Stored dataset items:
-- Opening Marker --

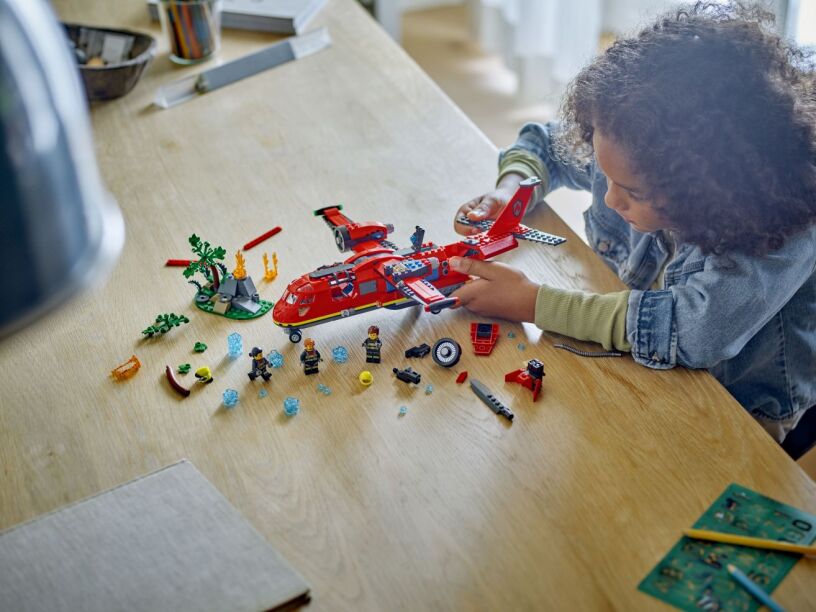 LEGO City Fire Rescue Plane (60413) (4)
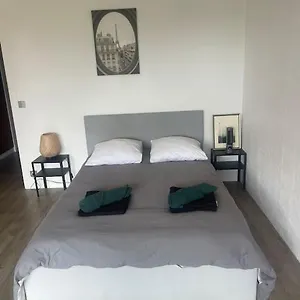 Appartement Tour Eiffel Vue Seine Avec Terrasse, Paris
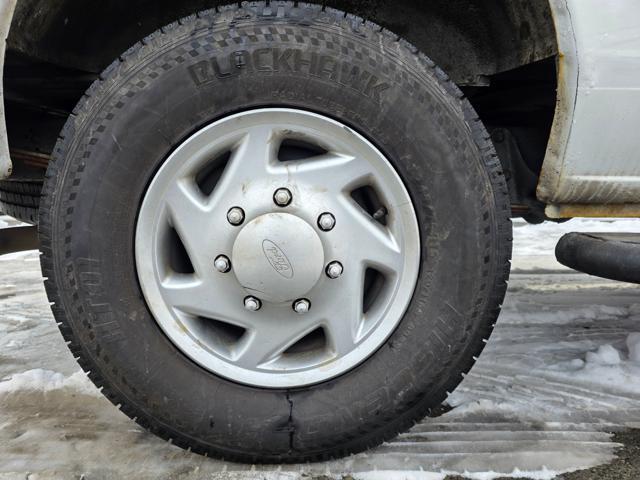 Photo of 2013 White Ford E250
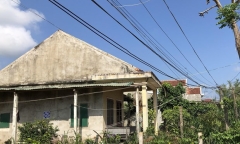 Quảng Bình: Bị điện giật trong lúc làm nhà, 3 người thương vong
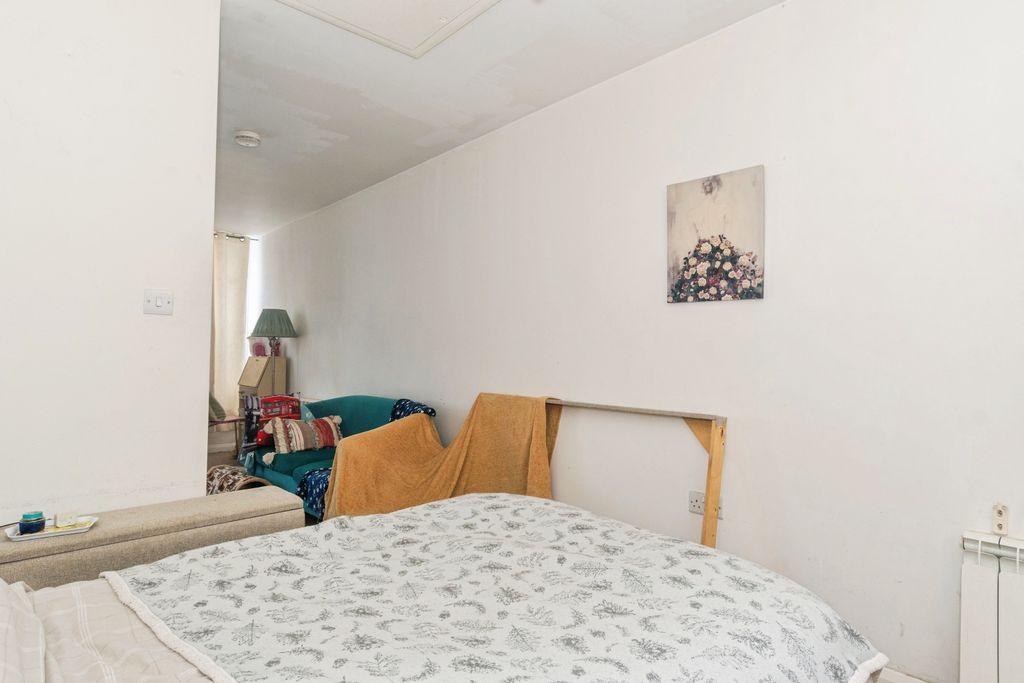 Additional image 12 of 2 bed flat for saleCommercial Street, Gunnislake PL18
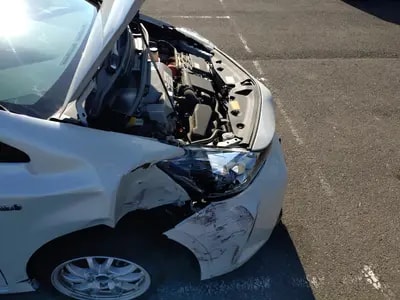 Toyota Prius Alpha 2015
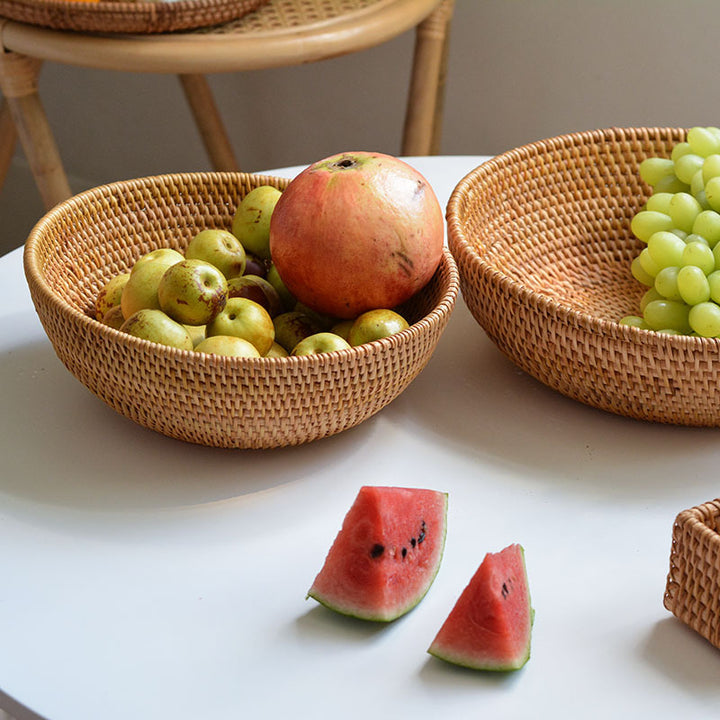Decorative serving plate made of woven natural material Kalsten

-- Closing Marker --

### What you are asked to do
Repeat, exactly and with no pictures, each line from the line that holds "Toyota Prius Alpha 2015" through the last line of the records above.

### Output
 Toyota Prius Alpha 2015
Decorative serving plate made of woven natural material Kalsten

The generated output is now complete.